Un véritable problème tant Four Good Days se fait plus que discret en termes de réalisation. Il ne transparaît rien de l’esthétique de Rodrigo García, pas même dans les instants où Molly est la plus vulnérable et où Deb redevient une mère pour elle. Même là, le réalisateur se complait dans une charte graphique qui confine au téléfilm du dimanche après-midi. Il n ‘y a pas de souffle dans son histoire, pas de relief, et c’est une vraie gageure lorsqu’il est question de se faire le témoin de maux de société. Sans demander des séquences hallucinatoires, un peu plus de verve dans la photographie où dans le montage aurait probablement pu sortir Four Good Days de sa torpeur.
Remède miracle
Le film semble en fait avoir un cahier des charges à honorer, adressé à un public d’adultes relativement âgés et délaissant les plus jeunes, pourtant au centre de l’intrigue. On passe ainsi par les témoignages apeurés de Deb qui nous relate le début de la déchéance de Molly alors que les deux personnages sont bien présents dans la même scène. Au moment d’exposer les failles du système de santé américain, c’est aussi par le prisme de la mère que seront, textuellement, posés les griefs. À plus fortes raisons, le scénario du film se fait dirigiste, pour ne bousculer réellement personne: on voudrait nous proposer un grand huit émotionnel, mais on nous prévient constamment de la moindre chute à venir. Four Good Days est tout au plus un guide à l’usage des parents d’addicts, mais qui prendrait son propre parcours comme vérité absolue.
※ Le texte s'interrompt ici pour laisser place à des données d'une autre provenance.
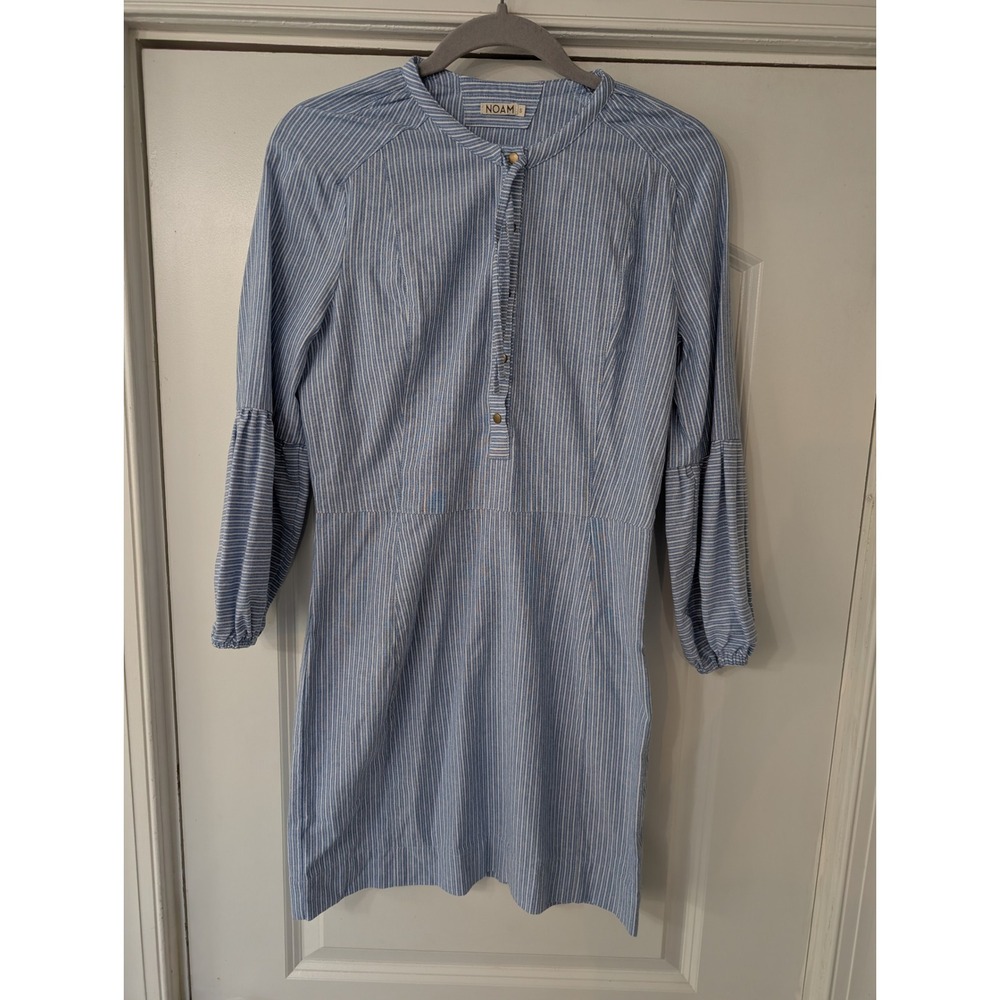 NOAM Blue White Striped Cotton Mini Dress Balloon Sleeve Band Collar small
Là-dessus, le long métrage se permet même d’enfoncer le clou et de faire l’erreur ultime de ce type d’œuvre: faire croire à la solution miracle. Bien sûr, le cheminement de Deb et Molly est tortueux, mais la perspective du bien être que prodiguera “l’injection magique” n’est jamais remise en cause. Alors que toutes les dépendances s’expriment différemment, et que chaque malade a besoin d’une réponse spécifique à ses problèmes, Four Good Days croit fermement que sa résolution est exportable à tous les souffrants. Rodrigo García n’est pas médecin, mais cela ne l’empêche pas de se poser en spécialiste: une erreur vulgaire.
Four Good Days est distribué par Vertical Entertainemnt
Four Good Days se fourvoie en croyant détenir la vérité absolue. Lorsque de vraies souffrances sont mises en scène, l’approximation n’est pas tolérable, et le long métrage commet cet impair.